The large recruitment of chemists particularly through the Young Thousand Talents Plan has provided a fresh boost to the booming study of chemistry in China, says Zhao Dongbing, a chemist at Tianjin-based Nankai University, who was enrolled as a scholar under the plan after completing his postdoctoral research at Cornell University and the University of Washington in Seattle. China launched the plan in 2008 to attract established scientists and high-tech entrepreneurs to return to China. In 2011, the programme was extended to young scholars, mostly targeting highly productive postdocs. By early 2018, China had recruited 3,535 young scientists through the programme.

Source: Nature Index/Dimensions from Digital Science

Zhao believes chemistry accounted for the second largest category of recruits under the plan, after the life sciences, though official numbers are no longer available due to political sensitivities over the recruitment of scholars from the US. Many of the returning postdocs “have good competency, smart ideas and can readily join hot research areas,” says Zhao.

These Young Thousand Talent Scholars, including Zhao, Lu and Tan, contribute a large portion of papers from China published in top chemistry journals. For example Xiong Yujie, a chemist at Hefei-based University of Science and Technology of China, who was recruited in the first batch of Young Thousand Talent Scholars in 2011, has since published more than 100 papers, including a dozen in journals tracked by the Nature Index such as ACS Nano, Advanced Materials, and Angewandte Chemie International Edition.

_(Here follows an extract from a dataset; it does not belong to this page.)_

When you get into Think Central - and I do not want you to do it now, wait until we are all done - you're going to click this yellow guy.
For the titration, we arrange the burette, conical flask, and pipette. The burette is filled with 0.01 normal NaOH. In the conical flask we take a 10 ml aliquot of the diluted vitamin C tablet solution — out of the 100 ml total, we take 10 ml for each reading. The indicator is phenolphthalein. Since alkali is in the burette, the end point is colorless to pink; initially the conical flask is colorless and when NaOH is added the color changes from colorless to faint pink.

It is not clear whether the plan will continue to be of as much benefit to chemistry and other disciplines in China, given US accusations that it is a channel for the theft of US technology and intellectual property.

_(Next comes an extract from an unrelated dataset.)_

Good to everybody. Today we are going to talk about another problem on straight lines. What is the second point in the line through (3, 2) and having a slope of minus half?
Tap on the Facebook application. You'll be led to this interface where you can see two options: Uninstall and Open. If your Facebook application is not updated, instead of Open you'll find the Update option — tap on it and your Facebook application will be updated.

Chinese authorities and universities have removed the name lists of Thousand Talents recruits from websites and some US-based Chinese scientists who might previously have applied have shied away from the scheme.

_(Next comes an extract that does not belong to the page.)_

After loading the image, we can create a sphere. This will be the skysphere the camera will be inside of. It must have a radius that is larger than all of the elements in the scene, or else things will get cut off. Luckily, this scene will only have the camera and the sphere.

Although figures for individual research disciplines are not available, China’s research and development expenditure has been growing, from 1.03 trillion yuan (US$150 billion) in 2012 to 1.76 trillion yuan in 2017, accounting for 2.1% of its GDP. China’s R&D surpasses that of many industrial countries in both absolute and relative terms. For example, in 2016 the R&D/GDP ratio of the United Kingdom was 1.67% when China’s was 2.08%.

Surging research investment means that expensive devices, such as infrared and nuclear magnetic resonance spectrometers and elemental analysers, though unaffordable to many chemistry labs in the West, are standard equipment in Chinese research universities.

Sustainability worries

Chinese chemistry attracts the same criticism as Chinese science overall: that in the race to publish, China focuses on areas with international traction and quick results.

Zhao acknowledges that the heavy pressure on young principal investigators to publish stops them from delving into the mechanisms underlying basic chemistry, because proving the science behind even very conventional chemical reactions is a long and arduous process.

But, Lu of SUSTech is more optimistic. “An original innovation does not start from scratch, but from following others. Major breakthroughs need gradual accumulations. I have seen more and more Chinese innovative studies that can change our chemistry textbooks.”